Contract Marriage vs. Covenant Marriage

Malachi 2:11b-14: “Judah has profaned the sanctuary of the Lord, which he loves, and has married the daughter of a foreign god. May the Lord cut off from the tents of Jacob any descendant of the man who does this, who brings an offering to the Lord of hosts! And this second thing you do. You cover the Lord’s altar with tears, with weeping and groaning because he no longer regards the offering or accepts it with favor from your hand. But you say, “Why does he not?” Because the Lord was witness between you and the wife of your youth, to whom you have been faithless, though she is your companion and your wife by covenant.”

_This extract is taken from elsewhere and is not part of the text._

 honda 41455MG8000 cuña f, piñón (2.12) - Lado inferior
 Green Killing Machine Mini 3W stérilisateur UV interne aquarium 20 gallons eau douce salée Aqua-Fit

In the final chapters of the Old Testament, to prepare His people for the coming of Jesus at the first Christmas, God the Father calls a family meeting of sorts and speaks to them about their marriages. We tend to think in very short timelines like weeks, months, or years. But God tends to think in very long timelines like decades, hundreds of years, or millennia. The problem in Malachi’s day that continues into our day is that men thought only about having a good time rather than leaving a good legacy.

The result? Marriages were a mess. Some believing men married unbelieving women. Other believing men who were married to believing women ran off with unbelieving women. And still, other believing men married an unbelieving woman but were unhappy and wanted out of their marriage…perhaps because once children entered the picture, the men realized their kids would grow up to be unbelievers like their mothers.

Most problems start with pants. Once a man can get dominion over his drawers, a long list of cultural problems simply subsides. Knowing this, God reminds us that His intent for marriage is that it be covenantal and not contractual.

As a Father teaching His wayward sons in Malachi, a vital lesson can be learned. How you relate to your wife is not a business arrangement where she is an employee who gets fired if you think you can find someone else to do the job better. As men, we are to treat our wives as God treats us – with relational love, forgiveness, patience, and devotion.